══ The data ══

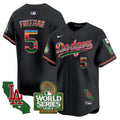 Men's Dodgers Mexico 2024 World Series Vapor Premier Limited Jersey - All Stitched - Black, Freddie Freeman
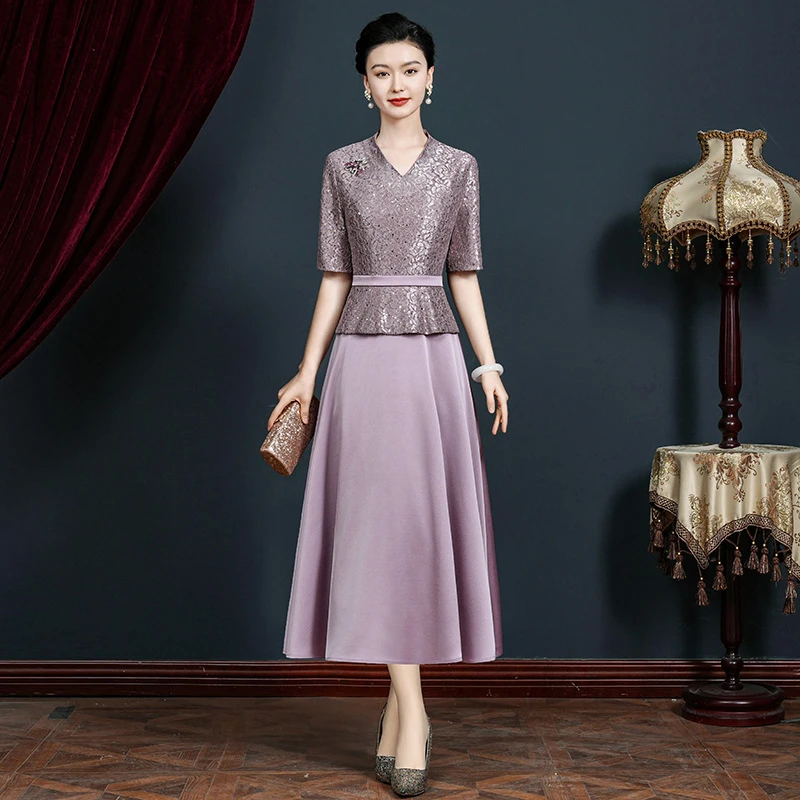 9332新中式蕾丝旗袍高端气质妈妈婚宴礼服假两件春夏装平时可穿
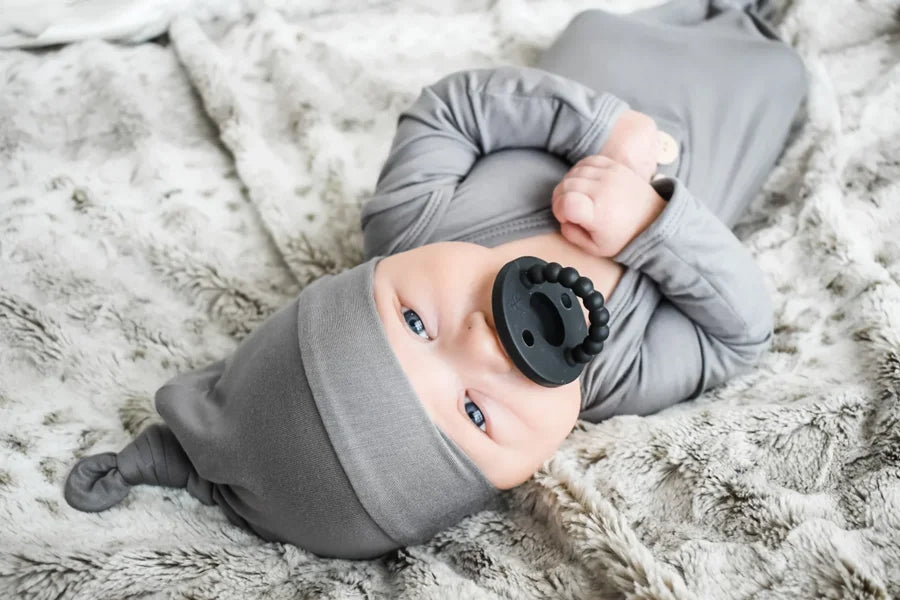 Stone Grey Knot Gown and Hat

═══

The material is to be written out word for word, and the pictures are to be left out.

 Men's Dodgers Mexico 2024 World Series Vapor Premier Limited Jersey - All Stitched - Black, Freddie Freeman
 9332新中式蕾丝旗袍高端气质妈妈婚宴礼服假两件春夏装平时可穿
 Stone Grey Knot Gown and Hat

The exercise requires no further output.